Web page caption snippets
#####

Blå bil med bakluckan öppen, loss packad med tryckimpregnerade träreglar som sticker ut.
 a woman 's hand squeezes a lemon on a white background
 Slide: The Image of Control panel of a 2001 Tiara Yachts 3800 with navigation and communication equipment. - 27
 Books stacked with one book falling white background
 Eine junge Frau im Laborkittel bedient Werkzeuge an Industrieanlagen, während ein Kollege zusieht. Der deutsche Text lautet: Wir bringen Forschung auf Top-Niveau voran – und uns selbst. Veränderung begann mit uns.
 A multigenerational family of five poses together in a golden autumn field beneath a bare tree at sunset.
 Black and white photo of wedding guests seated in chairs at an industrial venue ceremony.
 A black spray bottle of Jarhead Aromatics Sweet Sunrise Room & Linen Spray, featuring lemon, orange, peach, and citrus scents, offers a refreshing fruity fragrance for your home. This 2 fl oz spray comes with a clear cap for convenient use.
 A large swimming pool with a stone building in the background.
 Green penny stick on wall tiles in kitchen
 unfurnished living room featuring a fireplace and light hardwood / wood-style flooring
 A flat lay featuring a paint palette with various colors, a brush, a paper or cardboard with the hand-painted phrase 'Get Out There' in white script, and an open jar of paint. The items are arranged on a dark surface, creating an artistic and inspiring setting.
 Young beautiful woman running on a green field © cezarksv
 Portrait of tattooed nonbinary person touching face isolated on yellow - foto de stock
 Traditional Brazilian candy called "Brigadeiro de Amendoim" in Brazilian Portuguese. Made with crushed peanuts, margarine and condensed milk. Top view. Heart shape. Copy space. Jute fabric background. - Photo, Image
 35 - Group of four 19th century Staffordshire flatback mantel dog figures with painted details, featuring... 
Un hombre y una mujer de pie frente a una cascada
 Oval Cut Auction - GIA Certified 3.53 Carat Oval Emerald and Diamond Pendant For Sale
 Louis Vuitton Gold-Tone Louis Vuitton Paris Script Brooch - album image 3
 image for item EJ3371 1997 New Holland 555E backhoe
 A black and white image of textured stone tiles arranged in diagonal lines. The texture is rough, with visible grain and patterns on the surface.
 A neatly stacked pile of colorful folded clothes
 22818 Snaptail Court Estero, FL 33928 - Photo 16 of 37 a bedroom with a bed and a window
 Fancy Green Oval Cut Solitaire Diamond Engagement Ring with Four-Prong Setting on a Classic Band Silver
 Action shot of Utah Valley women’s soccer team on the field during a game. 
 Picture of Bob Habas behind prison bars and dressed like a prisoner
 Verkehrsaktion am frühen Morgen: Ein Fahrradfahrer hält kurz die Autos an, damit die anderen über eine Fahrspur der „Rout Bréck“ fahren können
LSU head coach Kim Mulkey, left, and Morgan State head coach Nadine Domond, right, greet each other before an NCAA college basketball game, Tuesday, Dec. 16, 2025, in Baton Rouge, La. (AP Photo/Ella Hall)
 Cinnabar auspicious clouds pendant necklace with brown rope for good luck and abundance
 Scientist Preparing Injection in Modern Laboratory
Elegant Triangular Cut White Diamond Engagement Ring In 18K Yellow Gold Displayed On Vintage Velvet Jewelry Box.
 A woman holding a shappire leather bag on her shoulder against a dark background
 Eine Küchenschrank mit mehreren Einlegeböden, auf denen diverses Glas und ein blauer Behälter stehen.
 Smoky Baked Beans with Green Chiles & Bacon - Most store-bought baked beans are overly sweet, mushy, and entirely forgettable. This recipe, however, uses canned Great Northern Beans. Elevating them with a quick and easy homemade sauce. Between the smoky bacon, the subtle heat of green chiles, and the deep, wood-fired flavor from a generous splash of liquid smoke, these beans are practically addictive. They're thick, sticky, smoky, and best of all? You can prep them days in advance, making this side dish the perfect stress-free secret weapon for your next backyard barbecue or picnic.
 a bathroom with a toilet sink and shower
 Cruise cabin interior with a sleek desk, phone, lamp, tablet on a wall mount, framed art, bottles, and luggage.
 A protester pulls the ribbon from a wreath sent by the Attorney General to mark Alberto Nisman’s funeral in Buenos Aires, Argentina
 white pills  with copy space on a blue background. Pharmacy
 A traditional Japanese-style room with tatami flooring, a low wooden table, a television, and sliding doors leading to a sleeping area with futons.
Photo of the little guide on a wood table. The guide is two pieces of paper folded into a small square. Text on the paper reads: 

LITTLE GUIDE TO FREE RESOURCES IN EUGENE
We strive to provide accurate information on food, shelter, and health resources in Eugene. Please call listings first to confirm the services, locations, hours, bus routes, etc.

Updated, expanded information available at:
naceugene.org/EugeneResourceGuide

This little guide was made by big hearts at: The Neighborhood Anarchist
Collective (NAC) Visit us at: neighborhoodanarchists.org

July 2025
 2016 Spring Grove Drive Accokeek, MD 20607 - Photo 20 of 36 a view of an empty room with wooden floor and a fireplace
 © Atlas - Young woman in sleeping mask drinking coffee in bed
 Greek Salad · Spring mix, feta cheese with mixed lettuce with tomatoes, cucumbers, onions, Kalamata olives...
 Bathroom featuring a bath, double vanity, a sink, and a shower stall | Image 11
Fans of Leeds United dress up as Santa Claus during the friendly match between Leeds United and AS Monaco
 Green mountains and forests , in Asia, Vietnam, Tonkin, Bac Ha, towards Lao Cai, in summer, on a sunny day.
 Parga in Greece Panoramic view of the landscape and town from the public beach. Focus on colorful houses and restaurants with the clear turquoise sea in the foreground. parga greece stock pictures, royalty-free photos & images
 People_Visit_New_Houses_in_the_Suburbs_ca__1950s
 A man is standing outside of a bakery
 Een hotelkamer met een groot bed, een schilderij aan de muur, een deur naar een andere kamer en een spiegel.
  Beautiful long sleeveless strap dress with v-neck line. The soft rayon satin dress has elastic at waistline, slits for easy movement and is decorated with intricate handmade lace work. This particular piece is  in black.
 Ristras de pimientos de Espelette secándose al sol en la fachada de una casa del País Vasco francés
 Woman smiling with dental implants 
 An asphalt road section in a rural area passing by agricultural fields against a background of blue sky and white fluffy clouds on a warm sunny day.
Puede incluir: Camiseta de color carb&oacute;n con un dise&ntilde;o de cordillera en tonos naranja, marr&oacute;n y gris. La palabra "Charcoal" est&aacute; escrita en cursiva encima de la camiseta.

#####

# TRY IT:
Take the entries above and return all of them exactly.

# ANSWER AREA:
Blå bil med bakluckan öppen, loss packad med tryckimpregnerade träreglar som sticker ut.
 a woman 's hand squeezes a lemon on a white background
 Slide: The Image of Control panel of a 2001 Tiara Yachts 3800 with navigation and communication equipment. - 27
 Books stacked with one book falling white background
 Eine junge Frau im Laborkittel bedient Werkzeuge an Industrieanlagen, während ein Kollege zusieht. Der deutsche Text lautet: Wir bringen Forschung auf Top-Niveau voran – und uns selbst. Veränderung begann mit uns.
 A multigenerational family of five poses together in a golden autumn field beneath a bare tree at sunset.
 Black and white photo of wedding guests seated in chairs at an industrial venue ceremony.
 A black spray bottle of Jarhead Aromatics Sweet Sunrise Room & Linen Spray, featuring lemon, orange, peach, and citrus scents, offers a refreshing fruity fragrance for your home. This 2 fl oz spray comes with a clear cap for convenient use.
 A large swimming pool with a stone building in the background.
 Green penny stick on wall tiles in kitchen
 unfurnished living room featuring a fireplace and light hardwood / wood-style flooring
 A flat lay featuring a paint palette with various colors, a brush, a paper or cardboard with the hand-painted phrase 'Get Out There' in white script, and an open jar of paint. The items are arranged on a dark surface, creating an artistic and inspiring setting.
 Young beautiful woman running on a green field © cezarksv
 Portrait of tattooed nonbinary person touching face isolated on yellow - foto de stock
 Traditional Brazilian candy called "Brigadeiro de Amendoim" in Brazilian Portuguese. Made with crushed peanuts, margarine and condensed milk. Top view. Heart shape. Copy space. Jute fabric background. - Photo, Image
 35 - Group of four 19th century Staffordshire flatback mantel dog figures with painted details, featuring... 
Un hombre y una mujer de pie frente a una cascada
 Oval Cut Auction - GIA Certified 3.53 Carat Oval Emerald and Diamond Pendant For Sale
 Louis Vuitton Gold-Tone Louis Vuitton Paris Script Brooch - album image 3
 image for item EJ3371 1997 New Holland 555E backhoe
 A black and white image of textured stone tiles arranged in diagonal lines. The texture is rough, with visible grain and patterns on the surface.
 A neatly stacked pile of colorful folded clothes
 22818 Snaptail Court Estero, FL 33928 - Photo 16 of 37 a bedroom with a bed and a window
 Fancy Green Oval Cut Solitaire Diamond Engagement Ring with Four-Prong Setting on a Classic Band Silver
 Action shot of Utah Valley women’s soccer team on the field during a game. 
 Picture of Bob Habas behind prison bars and dressed like a prisoner
 Verkehrsaktion am frühen Morgen: Ein Fahrradfahrer hält kurz die Autos an, damit die anderen über eine Fahrspur der „Rout Bréck“ fahren können
LSU head coach Kim Mulkey, left, and Morgan State head coach Nadine Domond, right, greet each other before an NCAA college basketball game, Tuesday, Dec. 16, 2025, in Baton Rouge, La. (AP Photo/Ella Hall)
 Cinnabar auspicious clouds pendant necklace with brown rope for good luck and abundance
 Scientist Preparing Injection in Modern Laboratory
Elegant Triangular Cut White Diamond Engagement Ring In 18K Yellow Gold Displayed On Vintage Velvet Jewelry Box.
 A woman holding a shappire leather bag on her shoulder against a dark background
 Eine Küchenschrank mit mehreren Einlegeböden, auf denen diverses Glas und ein blauer Behälter stehen.
 Smoky Baked Beans with Green Chiles & Bacon - Most store-bought baked beans are overly sweet, mushy, and entirely forgettable. This recipe, however, uses canned Great Northern Beans. Elevating them with a quick and easy homemade sauce. Between the smoky bacon, the subtle heat of green chiles, and the deep, wood-fired flavor from a generous splash of liquid smoke, these beans are practically addictive. They're thick, sticky, smoky, and best of all? You can prep them days in advance, making this side dish the perfect stress-free secret weapon for your next backyard barbecue or picnic.
 a bathroom with a toilet sink and shower
 Cruise cabin interior with a sleek desk, phone, lamp, tablet on a wall mount, framed art, bottles, and luggage.
 A protester pulls the ribbon from a wreath sent by the Attorney General to mark Alberto Nisman’s funeral in Buenos Aires, Argentina
 white pills  with copy space on a blue background. Pharmacy
 A traditional Japanese-style room with tatami flooring, a low wooden table, a television, and sliding doors leading to a sleeping area with futons.
Photo of the little guide on a wood table. The guide is two pieces of paper folded into a small square. Text on the paper reads: 

LITTLE GUIDE TO FREE RESOURCES IN EUGENE
We strive to provide accurate information on food, shelter, and health resources in Eugene. Please call listings first to confirm the services, locations, hours, bus routes, etc.

Updated, expanded information available at:
naceugene.org/EugeneResourceGuide

This little guide was made by big hearts at: The Neighborhood Anarchist
Collective (NAC) Visit us at: neighborhoodanarchists.org

July 2025
 2016 Spring Grove Drive Accokeek, MD 20607 - Photo 20 of 36 a view of an empty room with wooden floor and a fireplace
 © Atlas - Young woman in sleeping mask drinking coffee in bed
 Greek Salad · Spring mix, feta cheese with mixed lettuce with tomatoes, cucumbers, onions, Kalamata olives...
 Bathroom featuring a bath, double vanity, a sink, and a shower stall | Image 11
Fans of Leeds United dress up as Santa Claus during the friendly match between Leeds United and AS Monaco
 Green mountains and forests , in Asia, Vietnam, Tonkin, Bac Ha, towards Lao Cai, in summer, on a sunny day.
 Parga in Greece Panoramic view of the landscape and town from the public beach. Focus on colorful houses and restaurants with the clear turquoise sea in the foreground. parga greece stock pictures, royalty-free photos & images
 People_Visit_New_Houses_in_the_Suburbs_ca__1950s
 A man is standing outside of a bakery
 Een hotelkamer met een groot bed, een schilderij aan de muur, een deur naar een andere kamer en een spiegel.
  Beautiful long sleeveless strap dress with v-neck line. The soft rayon satin dress has elastic at waistline, slits for easy movement and is decorated with intricate handmade lace work. This particular piece is  in black.
 Ristras de pimientos de Espelette secándose al sol en la fachada de una casa del País Vasco francés
 Woman smiling with dental implants 
 An asphalt road section in a rural area passing by agricultural fields against a background of blue sky and white fluffy clouds on a warm sunny day.
Puede incluir: Camiseta de color carb&oacute;n con un dise&ntilde;o de cordillera en tonos naranja, marr&oacute;n y gris. La palabra "Charcoal" est&aacute; escrita en cursiva encima de la camiseta.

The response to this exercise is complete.